> _Required action_
Print out the full material below, exact in every line, with no images included.

> _Dataset excerpt_
=== Section Start ===

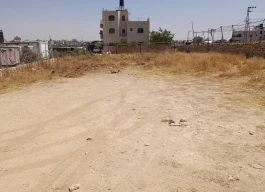 أرض للبيع 480 متر مربع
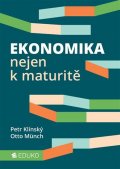 Klínský Petr: Ekonomika nejen k maturitě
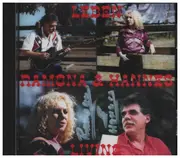 CD - Ramona & Hannes - Leben - signed by artist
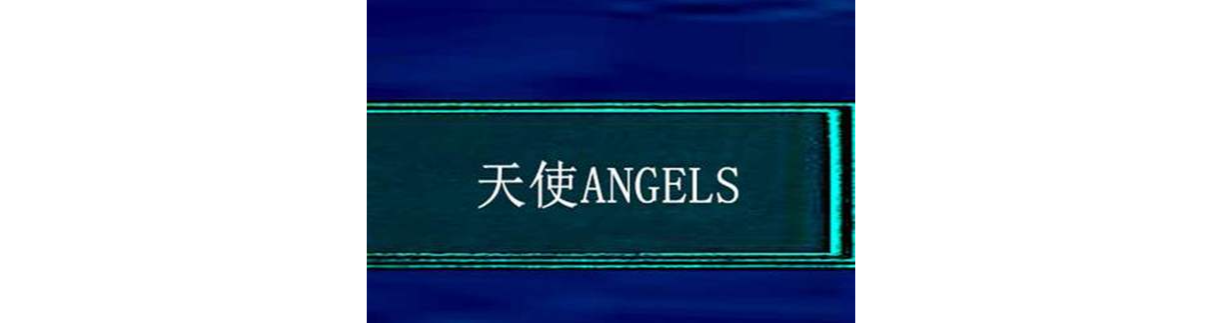 天使Angels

=== Section End ===

> _Written response_
 أرض للبيع 480 متر مربع
 Klínský Petr: Ekonomika nejen k maturitě
 CD - Ramona & Hannes - Leben - signed by artist
 天使Angels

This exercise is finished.